There is still pike in Attwood, we got one last year, just because u don't catch a type of fish every year don't mean there not in there, they haven't stocked pike in Attwood for a very long time. If there is a low population of a certain type of fish in a lake the size of tappan you should not expect to see them every year. Look at all the guys that go after Flathead, some guys have yet to catch one and there actually fishing for them!


----------



## M.Magis (Apr 5, 2004)

Fishin365 said:


> If they came from the local rivers, where have they been the last 75+ years of the lakes history? I have never heard/caught/seen sheephead in Tappan.


Like Ducky said, just because you haven't caught one doesn't mean they haven't been there. I've caught them in other lakes as well. Knowing now that Tappan was formed from Stillwater, I think it's a safe bet it's just a native fish. It's highly unlikely anyone transplanted drum. One, there's no reason. Second, they don't transport well at all.


----------



## fishing_marshall (Jun 12, 2004)

TClark said:


> They probably got stocked with the white bass, especially if they're from Erie.


White bass are not stocked in any lakes. 

I think native to the creek or do they have an odd fish in the cripple creek tournaments? Someone could have caught it and turned it in as odd fish. Tappan is the closest place to put it back.


----------



## willyb021 (Jun 1, 2009)

Yeah there's odd fish in cripple creeks tourneys. That's def a good possibility. I've been fishing Tappan on a regulat basis since I was little. Never seen or heard of one being caught. 

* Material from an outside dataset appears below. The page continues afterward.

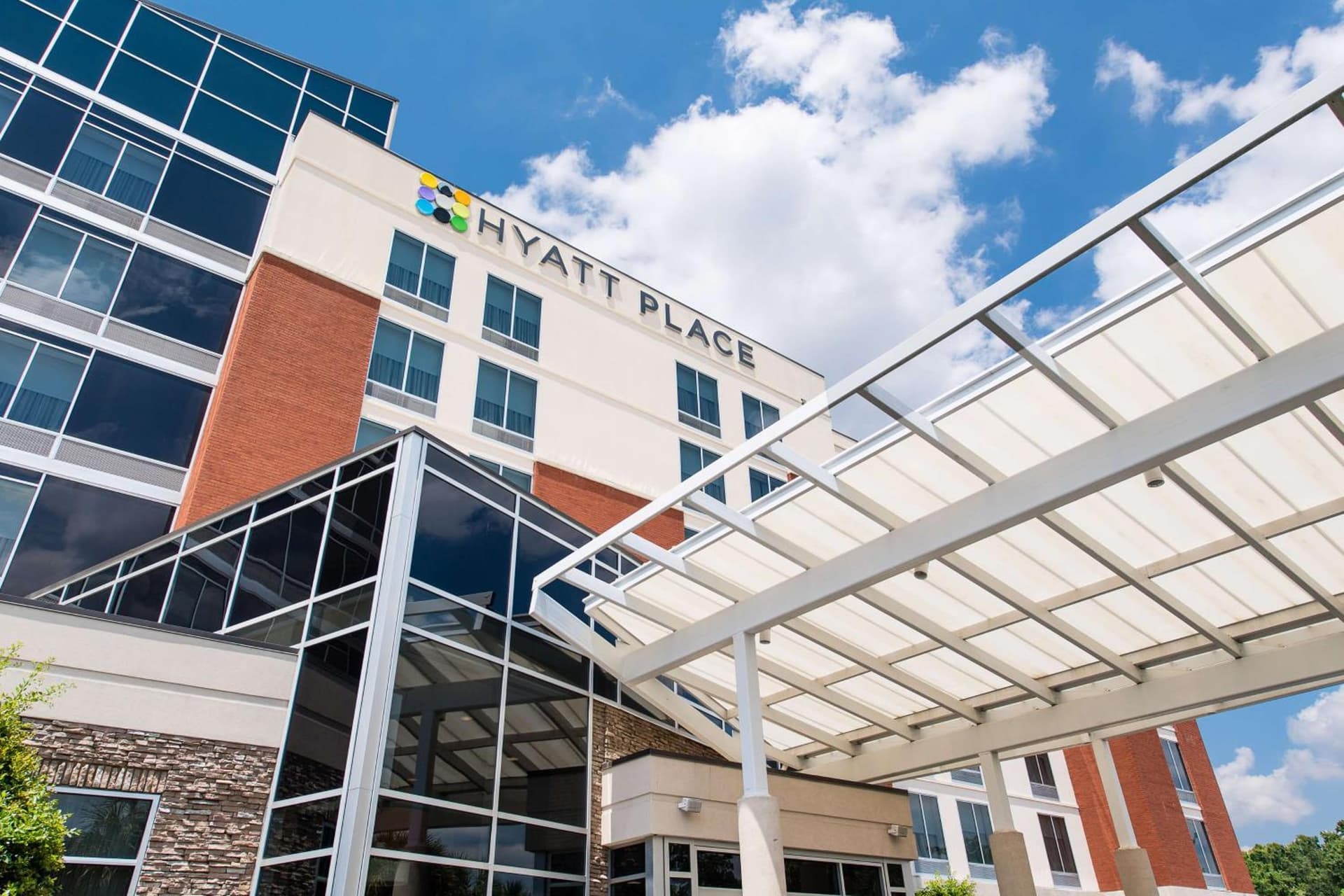 Hyatt Place Charleston Airport / Convention Center gallery photo in Charleston, SC — image 20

Outdoor Hub mobile, the outdoor information engine


----------



## Hatchetman (Apr 13, 2004)

Someone has definately stocked them, either by accident or on purpose. I know of at least a dozen being caught last summer and this year so far. I never heard of a sheephead being caught in Tappan until now. Have fished bass tourneys there since the early 70's and never heard of one being caught. The next few years will show whether they have spawned or not. The creeks feeding Tappan are very small and have never had sheephead in them either, I've fished them all since I was a kid and I'm 69 now.As far as white bass, the state never stocked them in Piedmont either but they are there now due to people bucket stocking them .


----------



## crappiecat (Sep 7, 2010)

There used to be a guy that fished Cripple.....went to the Ohio river every tourney and ALWAYS brought back a sheepshead. I know they would take their flats and/or channels to tappan, so I'm sure the sheep went in there too.


----------



## fontinalis (Mar 29, 2011)

Several anglers i creeled last year reported catching sheephead, as well as suckers. They are in pretty much every lake in the state, might not be in great numbers, but you can find them just about anywhere.


----------



## Tatonka (Aug 23, 2007)

What do sheephead hit on? I mean is it more than likely to catch one fishing for crappie or catfish as in bottom dwelling?


----------



## fontinalis (Mar 29, 2011)

they tend to relate to the bottom, so i guess you would run into them catfishing


----------



## Tatonka (Aug 23, 2007)

fontinalis said:


> they tend to relate to the bottom, so i guess you would run into them catfishing


Thank you Sir and this may sound dumb but I have heard to kill any bowfin if one is caught, does the same stand for sheephead?
I mean I heard they are very bad for the local fish but I figured I would just release them for someone else to catch?


----------



## fontinalis (Mar 29, 2011)

no, sheephead and bowfin are both harmless in most ecosystems, anyone who says to destroy them needs to be educated on the matter.


----------



## Rod Hawg (Jan 13, 2011)

Tatonka said:


> What do sheephead hit on? I mean is it more than likely to catch one fishing for crappie or catfish as in bottom dwelling?


 Pretty much everything. Can get em fishin cats. But on Erie we get them trolling worm harnesses and crank baits. Also get them Perching with live minnows...Bass guys catch them down south casting crankbaits as well...


----------